= EXERCISE INSTRUCTIONS =
Please write out all of the data below exactly, without including the pictures.

= PROVIDED MATERIAL =
——————
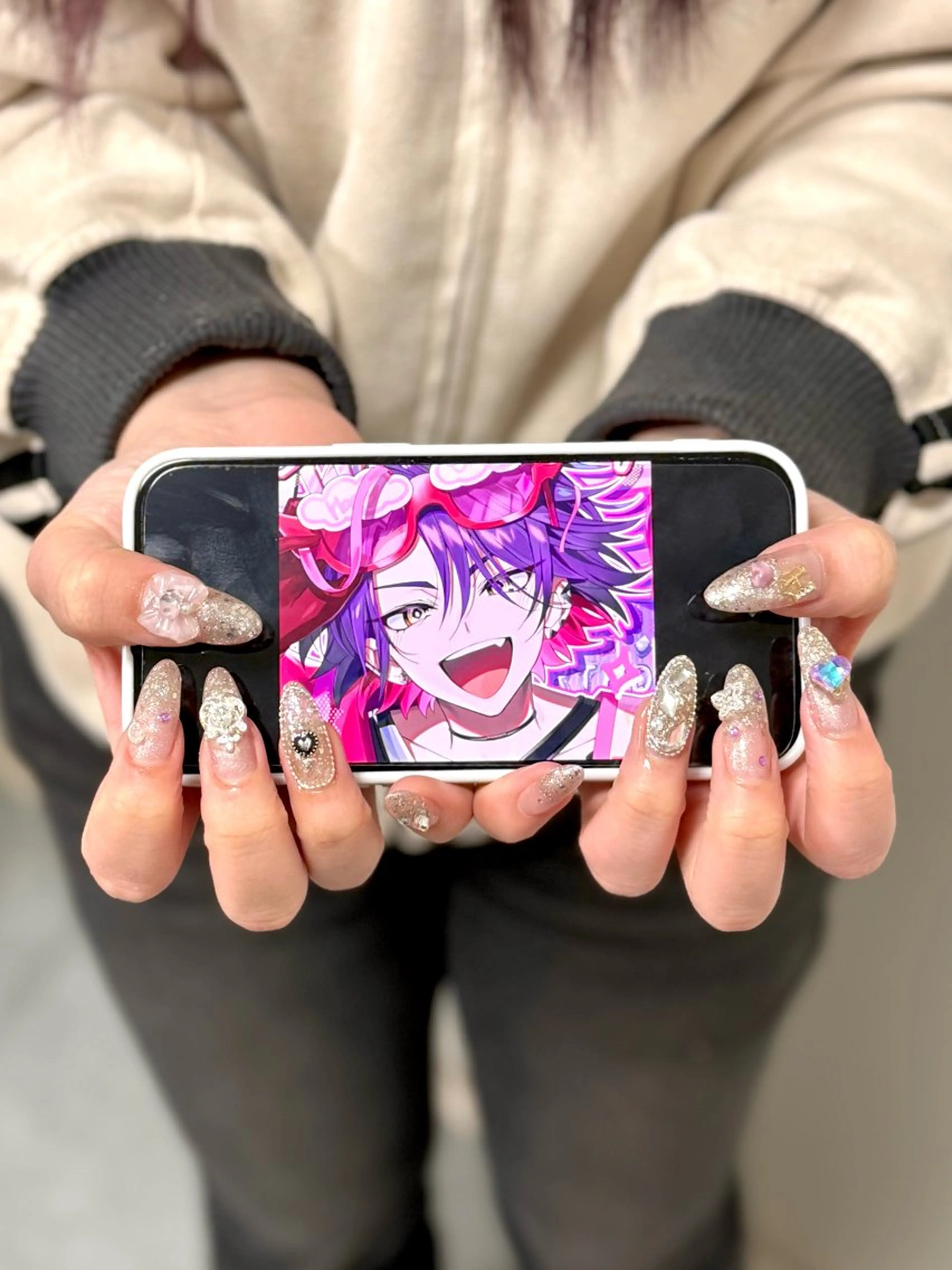 ネイル スカルプネイル ハンドネイル プライベートサロン nailcoconaのネイルデザイン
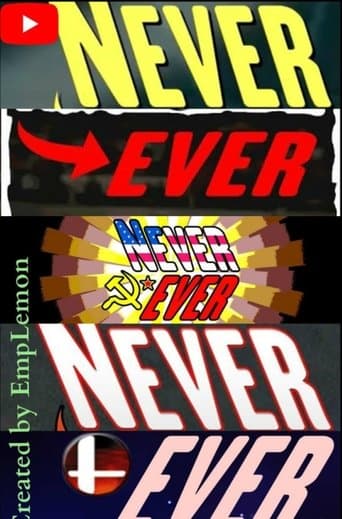 Movie poster for Never Ever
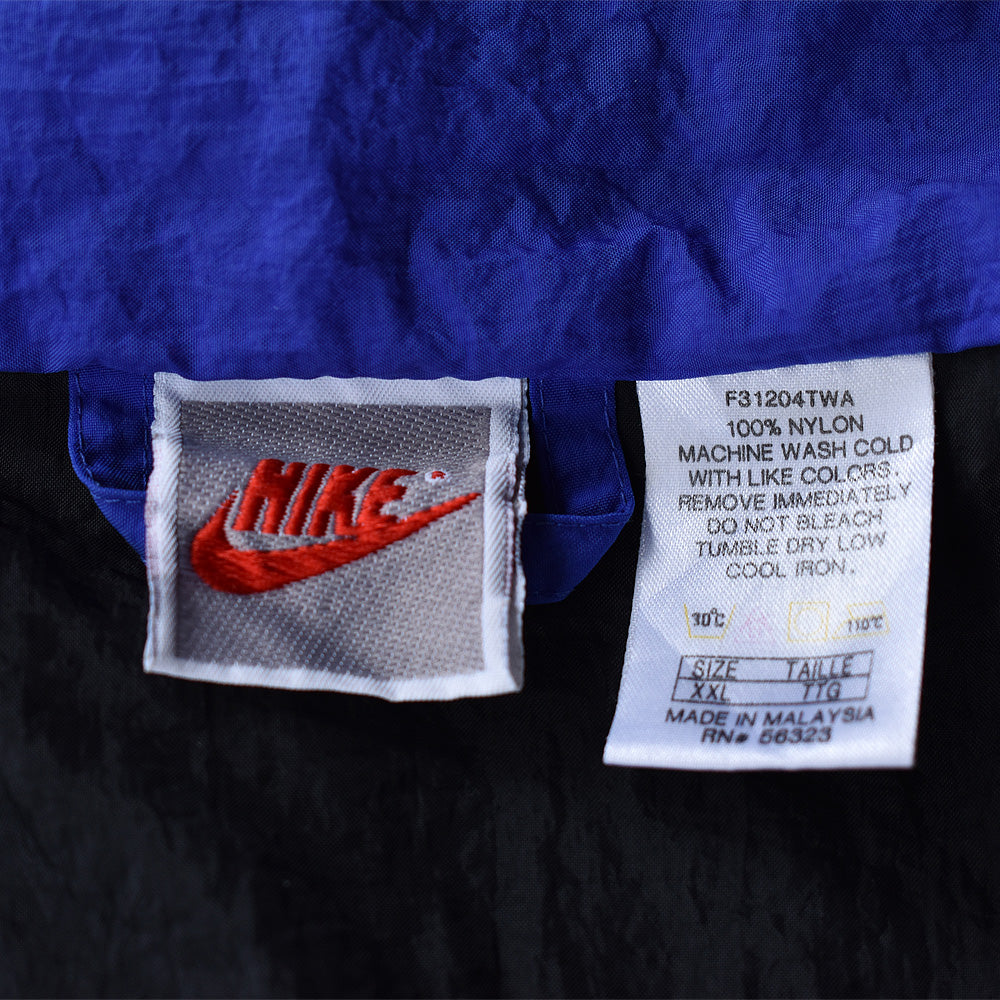1990s NIKE silver tag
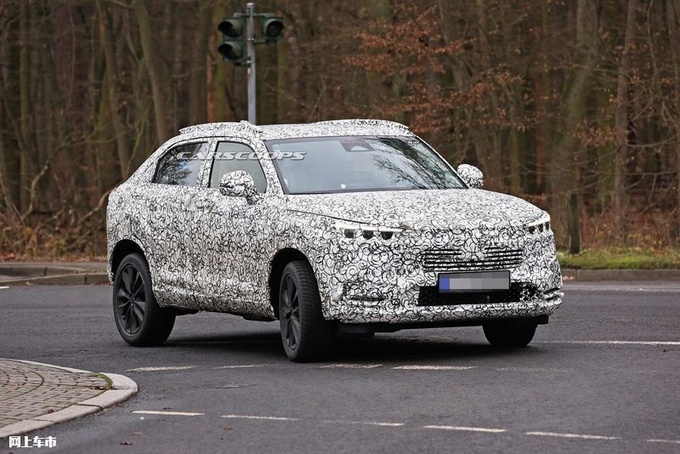 本田全新HR-V内饰曝光本月亮相/搭2.0L引擎-图6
——————
= TASK RESPONSE =
 ネイル スカルプネイル ハンドネイル プライベートサロン nailcoconaのネイルデザイン
 Movie poster for Never Ever
1990s NIKE silver tag
 本田全新HR-V内饰曝光本月亮相/搭2.0L引擎-图6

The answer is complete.